### Description of the task
Pictures stay out, but every line of the data is copied exactly.

### Supplied material
# # #

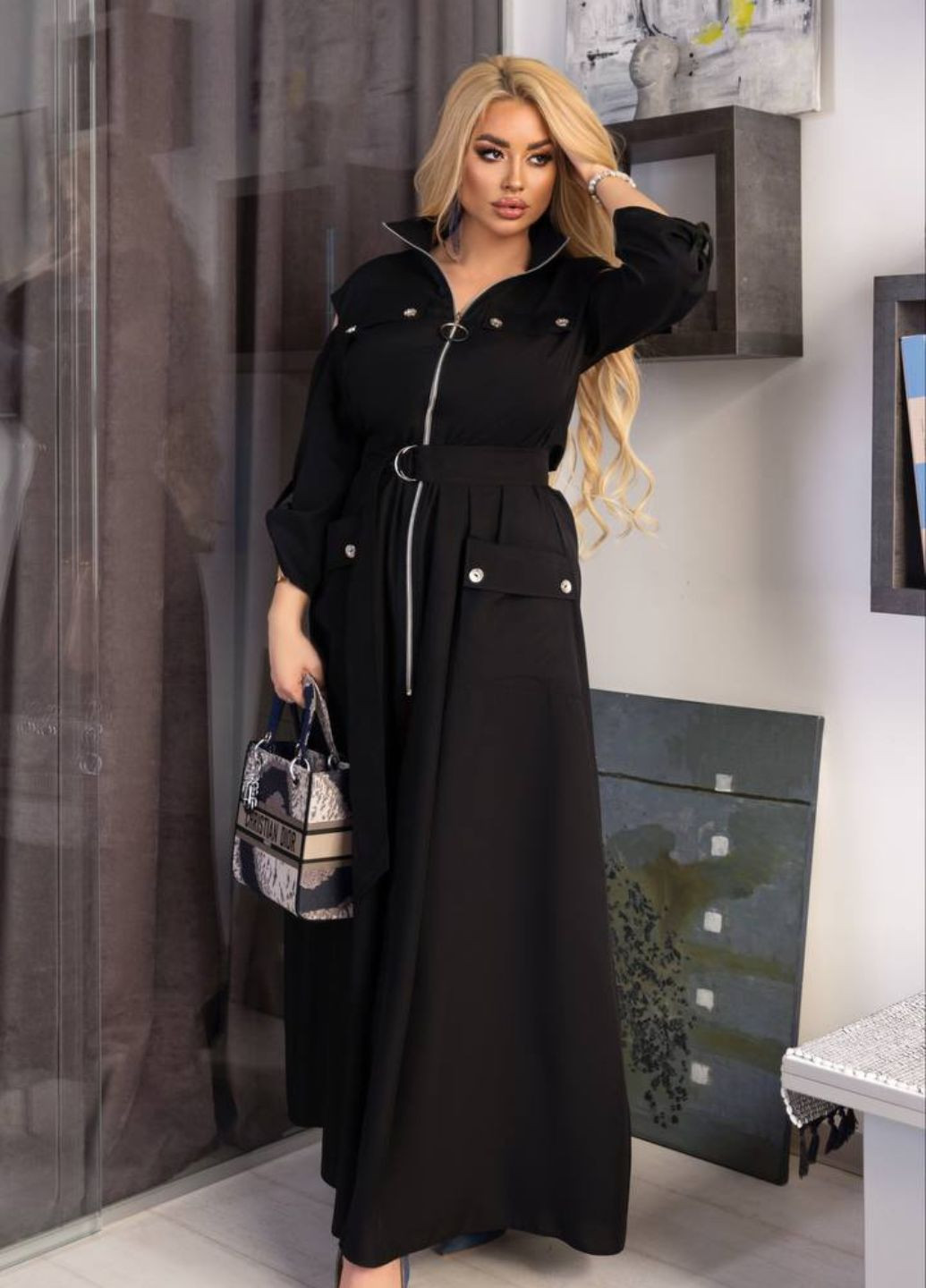 Чорна повсякденний максі сукня повсякденного типу з поясом No Brand однотонна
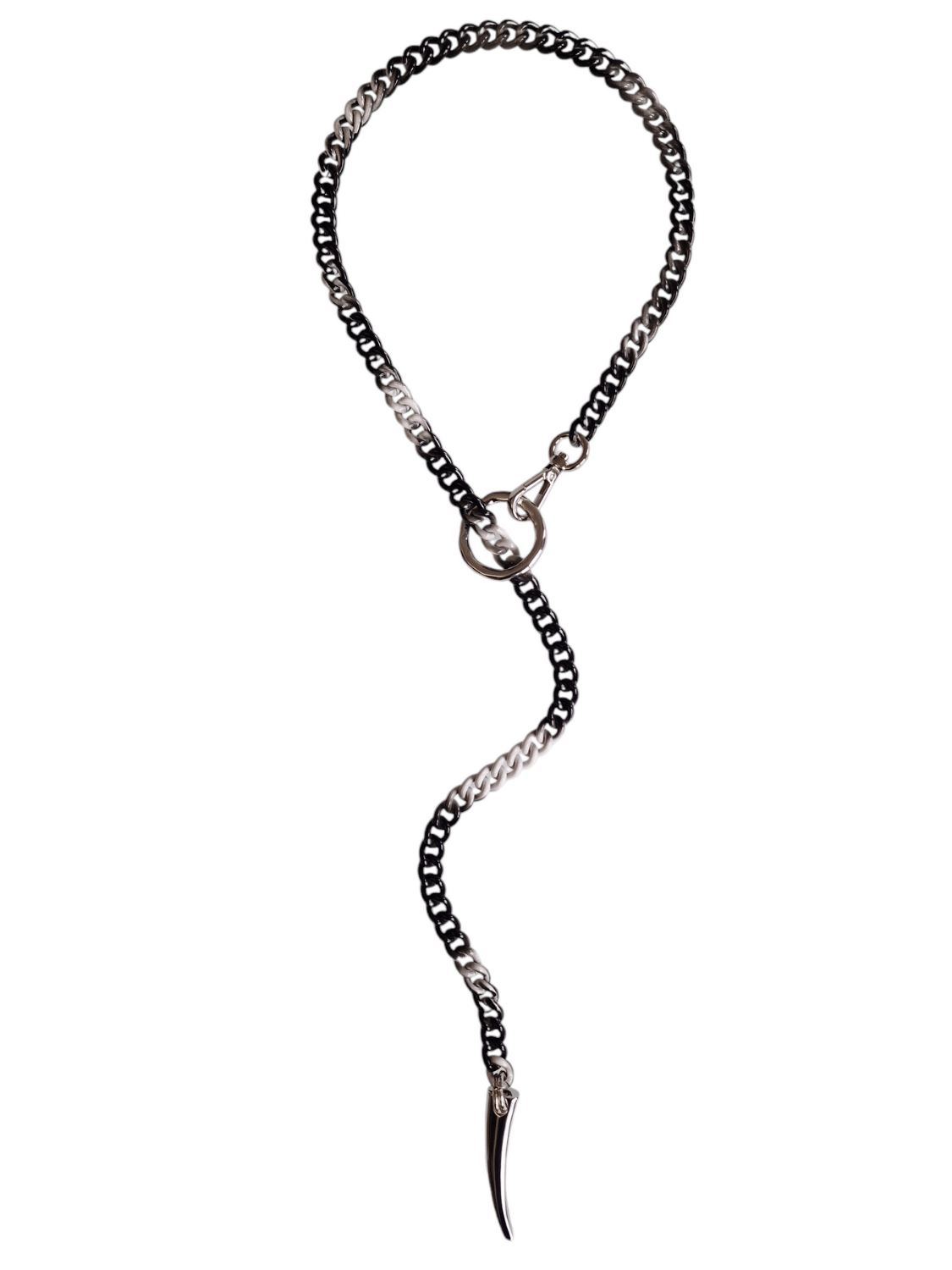 long black and white chain necklace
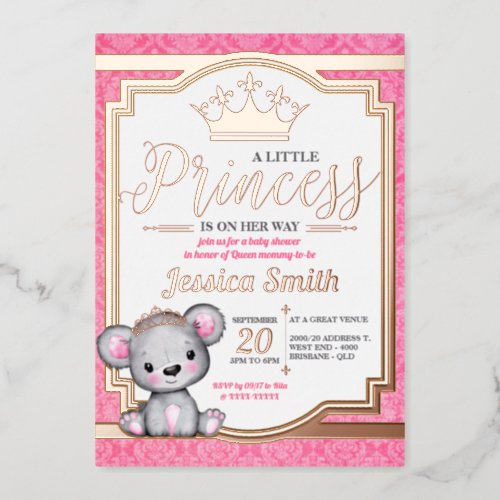 Royal Princess Baby Shower Foil Invitation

# # #

### Final answer
 Чорна повсякденний максі сукня повсякденного типу з поясом No Brand однотонна
 long black and white chain necklace
 Royal Princess Baby Shower Foil Invitation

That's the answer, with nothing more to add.